12/4/11

Postpartum depression

As a personal trainer, I was often hired right before or after a major event, such as a wedding, a high school reunion, a cruise, while planning for a baby and after baby was born.

Training women post-baby is great because their weight comes off usually so effortlessly that it makes exercising more rewarding to both the client and I.

I had this one client that lost weight so fast that it concerned me. I asked her to please go see a doctor because she shouldn't be losing five pounds a week, when she wasn't incredibly overweight to begin with. Turns out that even though her baby was only two months old, she was pregnant again! Her poor body was basically handling a lot with breast feeding, exercising and growing a new person, and was therefore eating away at the fat. A few months later this client gave birth to the most adorable and incredibly girlie girl, whose first word was "shoes."

Another client, whose exercise routine consisted of very high intensity training five days a week could not lose a pound.

She would cry every day. She would throw the hand weights on the floor, enraged. She would say she hated her baby and made such comments as, "Look what he did to me!" or "God must hate me!"

I would say mostly under my breath then vocally at first that her baby didn't do anything to her, that it was her choice to have it, anyway. When the sessions were over I would peak in the winter room, where her nanny held her baby like his mother should. He looked so beautiful and calm and helpless. I would leave her house angry and promising myself to never come back.

A few days later I would be back, however, still trying to figure out why she was so mad, so sad and seemed to me to be so cruel. I guess in my mind I just wanted to see if she was getting better and hadn't killed herself, since she mentioned often her wish to do so.

This was my first encounter with postpartum depression. I wasn't aware it was something real. Since I didn't know this woman pre-baby, I figured she just had an awful, selfish character.

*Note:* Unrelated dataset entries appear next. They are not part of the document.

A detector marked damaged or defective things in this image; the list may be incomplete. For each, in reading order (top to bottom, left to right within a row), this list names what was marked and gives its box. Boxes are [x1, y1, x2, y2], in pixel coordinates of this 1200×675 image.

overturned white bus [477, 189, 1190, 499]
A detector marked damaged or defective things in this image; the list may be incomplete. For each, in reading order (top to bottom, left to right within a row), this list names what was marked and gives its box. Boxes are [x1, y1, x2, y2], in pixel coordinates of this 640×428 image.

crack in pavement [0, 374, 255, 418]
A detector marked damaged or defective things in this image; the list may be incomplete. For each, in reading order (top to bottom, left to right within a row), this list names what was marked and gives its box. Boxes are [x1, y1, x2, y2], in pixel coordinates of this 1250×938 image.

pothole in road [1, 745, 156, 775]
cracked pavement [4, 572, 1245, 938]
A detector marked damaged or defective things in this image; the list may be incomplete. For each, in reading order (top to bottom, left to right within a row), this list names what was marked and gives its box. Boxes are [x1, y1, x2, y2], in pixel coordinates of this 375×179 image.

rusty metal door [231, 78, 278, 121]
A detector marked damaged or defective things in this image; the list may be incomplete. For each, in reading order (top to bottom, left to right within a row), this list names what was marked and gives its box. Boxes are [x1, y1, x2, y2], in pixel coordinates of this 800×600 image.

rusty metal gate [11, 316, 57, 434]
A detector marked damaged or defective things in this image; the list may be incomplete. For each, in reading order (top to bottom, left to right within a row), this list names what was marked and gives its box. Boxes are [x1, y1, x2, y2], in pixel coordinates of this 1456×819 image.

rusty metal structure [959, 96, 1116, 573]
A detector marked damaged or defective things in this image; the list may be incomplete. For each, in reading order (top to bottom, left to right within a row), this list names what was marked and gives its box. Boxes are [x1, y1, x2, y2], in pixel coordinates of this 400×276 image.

I started researching about her condition after I read the book "The Female Brain" and how it changes throughout pregnancy and after. Once I realized what could be going on with this woman, I set her down one day, mid-session, after she said once again that she couldn't get close to her baby because he destroyed her body.

As I described to her what postpartum depression was, she surprised me by adopting a little girl expression on her face. I was sure she would attack me back, as she had in the past, so many times before, with any suggestion to become healthier that I made. Instead, this time she humbly listened to me and looked down at her hands. After I was finished, I handed her her cell phone, dialing her doctor's number beforehand.

I am happy to report that this woman is now one of the most loving and present parents I know. I often quote her as saying that every day she falls in love with her kid all over again. Oh, and she lost the weight, eventually.

Why the interest in it now?

A few weeks ago, someone at the prenatal yoga center handed me a pamphlet on postpartum depression. I tucked it deep inside of my purse, avoiding it and telling myself that that was for crazy people, and I am not crazy.

That is... until the prenatal blues hit me (read the post name "Blues (but not the music kind)").

In all honesty, my prenatal blues only hit me three or so times, lasting only one day, so it is nothing worth being overly concerned about.

However, when it hits, the feeling of sadness and helplessness is overwhelming. All energy is drained of me and I feel so sorry for myself that I can hardly move.

A few days ago, I was cleaning the house (a task I still force myself to do perfectly since I stopped working and want to feel productive) and as I pulled the paper towel from the closet, all the cleaning products came flying on my head.

I had been frustrated already with my lack of sleep, my back pains, my discomfort in every position, my constant tiredness, my inability to just be my energetic, normal self.

The mess I created now in the utility room brought from deep inside of me a surprisingly and reactive guttural cry, that left my husband staring at me hopeless as I set on the floor, weeping uncontrollably.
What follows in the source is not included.